Immerhin nur 0:2, mögen sich viele Hamburger gedacht haben, wenigstens kein Ergebnisdesaster, was angesichts des bevorstehenden Spiels in Braunschweig zu einem weiteren Vertrauensverlust hätte führen können.

Seeler: „Das Spiel ist mir scheißegal“

„Die Mannschaft kämpft, aber dieses Spiel ist mir scheißegal, die ganze Kraft muss auf das nächste Spiel liegen, der HSV wäre gut beraten, wenn er sich nur auf den Abstiegskampf konzentriert“, sagte Uwe Seeler in der ARD. „Auf dem Platz muss eine Mannschaft stehen, die zusammen steht, aber auch hinter dem Team muss eine Mannschaft stehen, die zusammen arbeitet. Aber das ist seit Jahren nicht der Fall.“ Aufsichtsratschef Jens Meier sagte der ARD: „Wir sind doch hier nicht im Kindergarten. Das ist Profifußball! Sportchef, Trainer und Mannschaft müssen diesen Druck aushalten.“

Nur wenige Minuten, nachdem Seeler wieder auf der Osttribüne wieder Platz genommen hatte, durften die dominanten Gäste, die allenfalls 80 Prozent ihres Maximaleinsatzes zeigten, ein weiteres Mal jubeln. Arjen Robben erwischte einen langen Ball von Kroos und schob zum 0:3 ein (51.).
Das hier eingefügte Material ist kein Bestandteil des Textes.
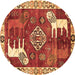 Round Animal Brown Traditional Rug, tr1417brn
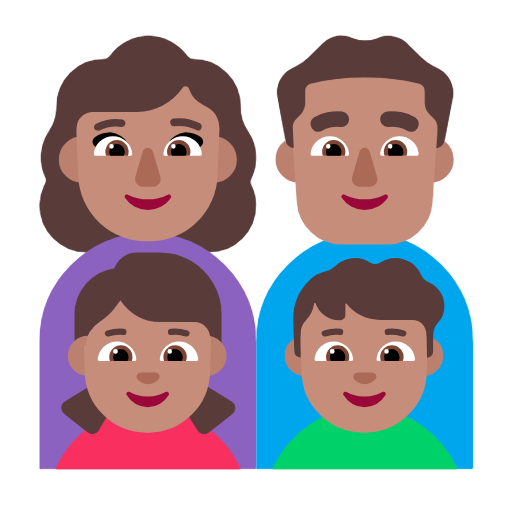 Сім'я-жінка: середній тон шкіри, чоловік: середній тон шкіри, дівчинка: середній тон шкіри, хлопчик: середній тон шкіри для Microsoft Windows 11 23H2 June 2024 Update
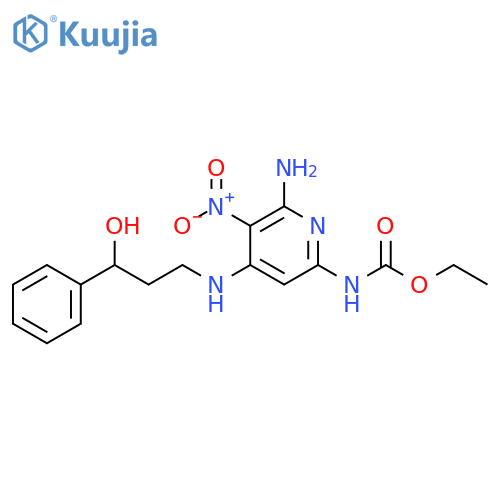 Carbamic acid,[6-amino-4-[(3-hydroxy-3-phenylpropyl)amino]-5-nitro-2-pyridinyl]-, ethylester structure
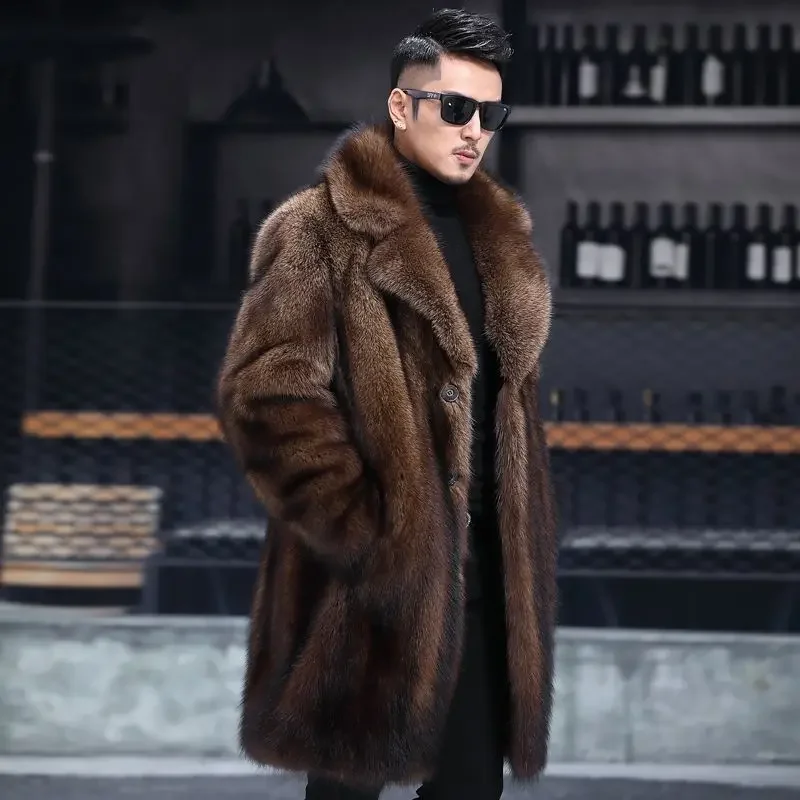 럭셔리 브랜드 남성 의류 모피 자켓 중간 길이 인조 모 - Winter Clothing Brand 리뷰 및 가격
Der Bayern-Coach nutzte die klare Führung, um Kräfte zu schonen. Bastian Schweinsteiger feierte nach langer Pause sein Comeback. Und ausgerechnet der Nationalspieler war beteiligt am nächsten HSV-Schock: Bei einem Zweikampf mit Schweinsteiger knickte Milan Badelj mit dem rechten Fuß um (72.). Fast nebensächlich, dass Götze Mandzukic zum 0:4 auflegte (74.). Kurz darauf erhöhte der Kroate nach einem Freistoß sogar auf 5:0 (76.). Die HSV-Fans interessierte das nicht mehr: „Niemals Zweite Liga“, sangen Sie und feierten ihr Team trotzig nach dem Abpfiff.

Dennoch endete das Spiel mit einem Debakel. Nicht nur vorgeführt und hoch verloren, sondern mit van der Vaart und Badelj auch noch zwei wichtige Spieler verloren. Ausgerechnet jetzt. „Braunschweig ist das wichtigste Spiel des Jahres“, blickte van Marwijk auf Sonnabend, „ich hoffe, es ist nicht so schlimm.“ Auch Hakan Calhanoglu dachte ans Wochenende: „Bayern hat die beste Mannschaft der Welt. Wichtig ist, dass wir gegen Braunschweig nicht so spielen wie heute.“ Das Schlusswort hatte Guardiola: „Mein Kollege ist ein Gentleman. Ich wünsche ihm und dem HSV viel Glück.“

Das Schema

HSV: Adler – Lam, Tah, Westermann, Jansen – Rincon, Badelj (72. Bouy) – Ilicevic, van der Vaart (40. Arslan), John – Calhanoglu (71. Zoua). – Trainer: van Marwijk

Bayern: Neuer – Rafinha, Jerome Boateng (49. Martínez), Dante, Alaba – Lahm (65. Schweinsteiger) – Robben, Thiago (64. Shaqiri), Toni Kroos, Götze – Mandzukic. – Trainer: Guardiola

Schiedsrichter: Felix Zwayer (Berlin)

Tore: 0:1 Mandzukic (22.), 0:2 Dante (26.), 0:3 Robben (54.), 0:4 Mandzukic (74.), 0:5 Mandzukic (76.)